Bandiere come Antognoni e Totti sono esempi da seguire: “Le bandiere nel mondo del pallone ci sono state, ci sono e ci saranno. Penso ad Antognoni, ma anche a Del Piero o Totti. Nel calcio moderno è sempre più difficile, ma sono questi giocatori che dimostrano che il calcio non è un lavoro ma una gran bella passione”. Tante partite brutte quest’anno: “Se potessi cancellarne qualcuna direi, il ritorno dei sedicesimi di finale di Europa League contro il Borussia Monchengladbach e quella contro la Lazio del girone d’andata (3-1 per i biancocelesti, ndr).
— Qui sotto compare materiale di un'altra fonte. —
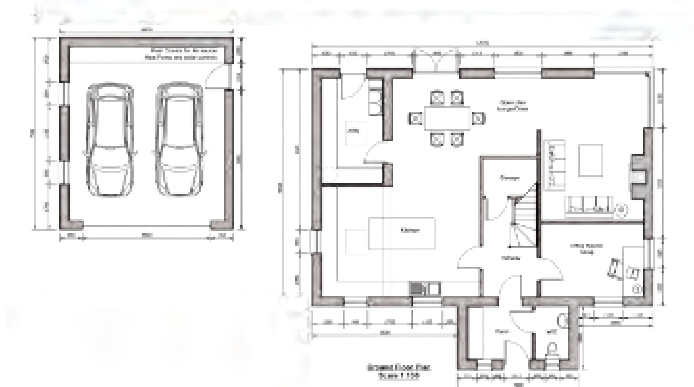 Architectural floor plans showing the ground floor layout of a new dwelling and a separate garage plan with two car parking spaces.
Quella più bella? “Sarò banale, ma dico la vittoria contro la Juventus qui al Franchi”. Tocco si o tocco no sul cross di Badelj? “Mi sarebbe piaciuto, diciamo però che ho contribuito un pochino al bene della squadra. Poi vorrei ricordare anche un’altra gara, quella col Napoli, prima della sosta invernale, perché abbiamo avuto la forza di cancellare il vantaggio degli azzurri ribaltando la prospettiva. Peccato solo per quel rigore quasi allo scadere. Quella è stata una sfida simbolo carattere e voglia dimostrata. Il giocatore del Napoli che più mi ha stupito? Dovendone indicare uno dico Mertens, ma il tandem Callejon-Insigne ha dimostrato di saper essere diabolico”.
La rivelazione della Serie A è l’Atalanta: “Se mi si nomina l’Atalanta penso al Manchester United: conta il gioco del gruppo non quello dei singoli. Hanno fatto talmente bene che si sono qualificati in Europa”.
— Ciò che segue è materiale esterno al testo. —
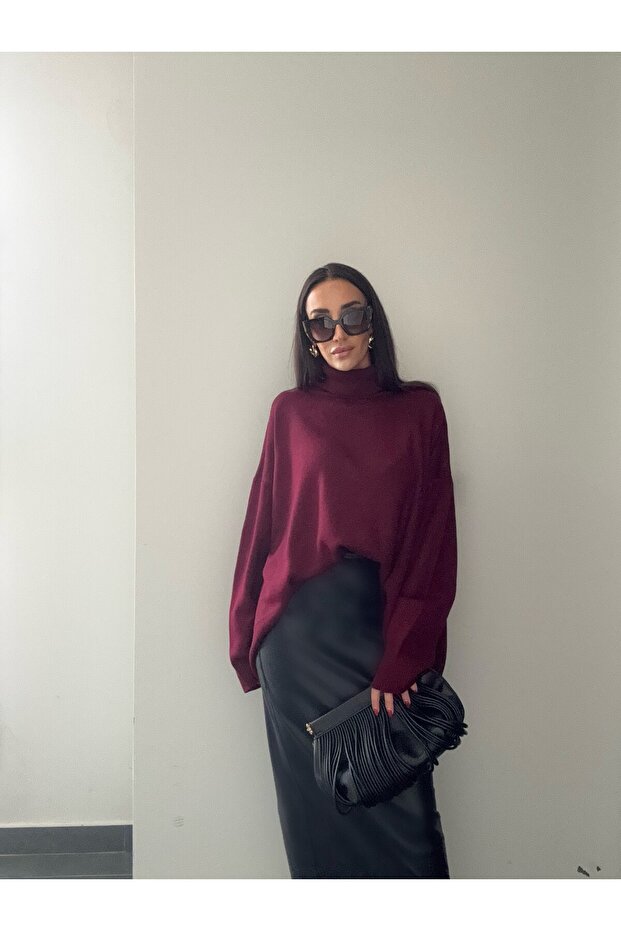 Boğazlı Oversize Kazak - 4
L’idolo di sempre: “Senza dubbio Kakà”. L’avversario più difficile da superare: “Il terzino sinistro del Monchengladbach, Wendt. E’ stato difficile attaccarlo e mi ha creato un sacco di problemi quando invece ero io a dover difendere. In Italia tra i più pericolosi c’è Alex Sandro”. Le qualità ci sono ma Chiesa non si sente arrivato: “Devo ancora lavorare tanto. Per essere al top c’è da migliorare nella tenuta in campo e anche nella resistenza. Carattere? A volte mi arrabbio tanto in campo. E’ vero, ma è tutto figlio della voglia matta di vincere sempre”.
Sul prossimo allenatore della Fiorentina: “Pioli a Mazzarri? Sì, sono tutti allenatori di caratura internazionale. Sousa? Di lui mi resta l’idea che ho sempre avuto, di una bravissima persona con idee calcistiche importanti. Per me è un po’ un padre putativo perché ha sempre creduto in me fin dal ritiro di Moena. E mi ha sostenuto pure durante la stagione, con la continuità di gioco”. Ruolo: “Posso giocare in un centrocampo a 5 sulla fascia, come esterno in un attacco a 3, a destra e a sinistra”. Infine l’ultimo sogno sarebbe l’Europeo Under 21: “Sì, e già che ci siamo pure vincerlo, perché sono convinto che ce la possiamo fare”.